Investors eye land when buying SOE shares: expert

10-Aug-2019 Intellasia | The Saigon Times | 6:02 AM Print This Post

Many strategic investors have bought into State-owned enterprises (SOEs) because of land which those SOEs have, instead of their brands or business sectors, said economic expert Ngo Tri Long.

This is why it is essential to thoroughly review strategic investors taking part in equitisation or divestment activities at SOEs, Long said.

By checking investors’ development histories and business models, government agencies can determine whether they will work with SOEs over the long term and protect domestic brands, the former director of the Ministry of Finance’s Price Market Research Institute was quoted by Nguoi Lao Dong newspaper as saying at a forum on the restructuring of SOEs, held on August 8.

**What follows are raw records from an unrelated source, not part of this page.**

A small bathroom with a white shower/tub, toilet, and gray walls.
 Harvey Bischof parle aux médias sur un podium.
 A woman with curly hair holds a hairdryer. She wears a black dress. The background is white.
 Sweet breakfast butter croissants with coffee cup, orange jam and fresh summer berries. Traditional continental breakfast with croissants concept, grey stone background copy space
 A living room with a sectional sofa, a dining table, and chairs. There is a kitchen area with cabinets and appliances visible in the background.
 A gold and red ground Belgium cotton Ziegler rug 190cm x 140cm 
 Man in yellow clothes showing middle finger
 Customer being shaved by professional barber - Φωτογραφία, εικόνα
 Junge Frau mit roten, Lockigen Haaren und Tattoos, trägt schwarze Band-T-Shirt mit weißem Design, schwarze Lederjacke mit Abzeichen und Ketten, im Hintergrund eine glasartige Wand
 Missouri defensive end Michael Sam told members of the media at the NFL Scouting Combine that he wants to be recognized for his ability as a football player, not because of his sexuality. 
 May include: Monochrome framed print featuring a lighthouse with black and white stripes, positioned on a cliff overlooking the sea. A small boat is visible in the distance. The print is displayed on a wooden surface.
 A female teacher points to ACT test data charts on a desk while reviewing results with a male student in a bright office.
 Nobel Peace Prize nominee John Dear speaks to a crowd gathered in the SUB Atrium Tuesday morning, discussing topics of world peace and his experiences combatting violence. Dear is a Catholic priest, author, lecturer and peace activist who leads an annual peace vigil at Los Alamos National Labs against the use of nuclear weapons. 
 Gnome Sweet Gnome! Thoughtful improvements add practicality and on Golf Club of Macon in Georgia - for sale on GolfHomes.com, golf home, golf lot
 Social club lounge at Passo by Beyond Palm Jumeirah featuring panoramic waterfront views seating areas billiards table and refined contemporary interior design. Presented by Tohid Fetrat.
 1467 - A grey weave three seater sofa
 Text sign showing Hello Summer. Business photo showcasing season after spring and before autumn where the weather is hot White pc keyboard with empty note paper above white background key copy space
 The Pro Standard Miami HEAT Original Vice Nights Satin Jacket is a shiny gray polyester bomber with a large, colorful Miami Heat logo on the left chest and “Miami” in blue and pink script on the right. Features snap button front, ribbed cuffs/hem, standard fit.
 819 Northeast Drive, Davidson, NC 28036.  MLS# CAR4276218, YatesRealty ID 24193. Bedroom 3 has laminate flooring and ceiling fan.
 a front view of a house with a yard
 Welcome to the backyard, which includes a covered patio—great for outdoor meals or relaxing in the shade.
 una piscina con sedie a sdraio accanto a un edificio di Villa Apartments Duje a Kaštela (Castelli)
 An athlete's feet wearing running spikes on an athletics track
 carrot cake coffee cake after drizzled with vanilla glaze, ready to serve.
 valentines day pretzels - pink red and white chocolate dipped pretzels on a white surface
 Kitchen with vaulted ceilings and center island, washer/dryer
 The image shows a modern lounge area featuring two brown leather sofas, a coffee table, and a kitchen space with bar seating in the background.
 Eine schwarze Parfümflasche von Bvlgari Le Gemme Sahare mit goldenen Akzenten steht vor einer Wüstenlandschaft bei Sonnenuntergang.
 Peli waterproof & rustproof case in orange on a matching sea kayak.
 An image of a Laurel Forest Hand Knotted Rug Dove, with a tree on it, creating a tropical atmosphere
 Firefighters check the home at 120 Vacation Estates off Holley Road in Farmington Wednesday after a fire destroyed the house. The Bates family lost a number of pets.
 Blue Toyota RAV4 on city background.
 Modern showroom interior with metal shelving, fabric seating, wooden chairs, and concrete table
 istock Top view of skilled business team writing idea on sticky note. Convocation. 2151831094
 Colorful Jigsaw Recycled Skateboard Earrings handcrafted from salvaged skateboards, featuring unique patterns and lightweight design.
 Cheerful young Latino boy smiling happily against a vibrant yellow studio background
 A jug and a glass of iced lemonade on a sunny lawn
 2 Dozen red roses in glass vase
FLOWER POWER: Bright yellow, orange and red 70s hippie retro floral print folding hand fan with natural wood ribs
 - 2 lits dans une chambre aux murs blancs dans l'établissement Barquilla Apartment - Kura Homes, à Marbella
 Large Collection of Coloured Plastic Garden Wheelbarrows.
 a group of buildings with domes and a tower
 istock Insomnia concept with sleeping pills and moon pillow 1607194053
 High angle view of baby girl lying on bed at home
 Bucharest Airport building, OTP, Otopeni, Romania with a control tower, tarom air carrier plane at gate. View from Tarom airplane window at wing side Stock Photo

One of the top goals of SOE equitisation is to ensure as many benefits as possible for the government and not to cause losses for the State budget, and the participation of foreign investors in the equitisation of SOEs will bring advantages for the State, not only drawbacks, as many people fear, he said.

Many have said that SOEs will likely lose their brands when they undergo equitisation with foreign investors, he added.

He cited Vietnam Feature Film Studio as an example of a typical failure in selecting a local investor for equitisation, noting that many shortcomings were reported in this equitisation process when the 60-year-old studio was handed over to Waterway Transport Joint Stock Corporation, which had no experience in movie production.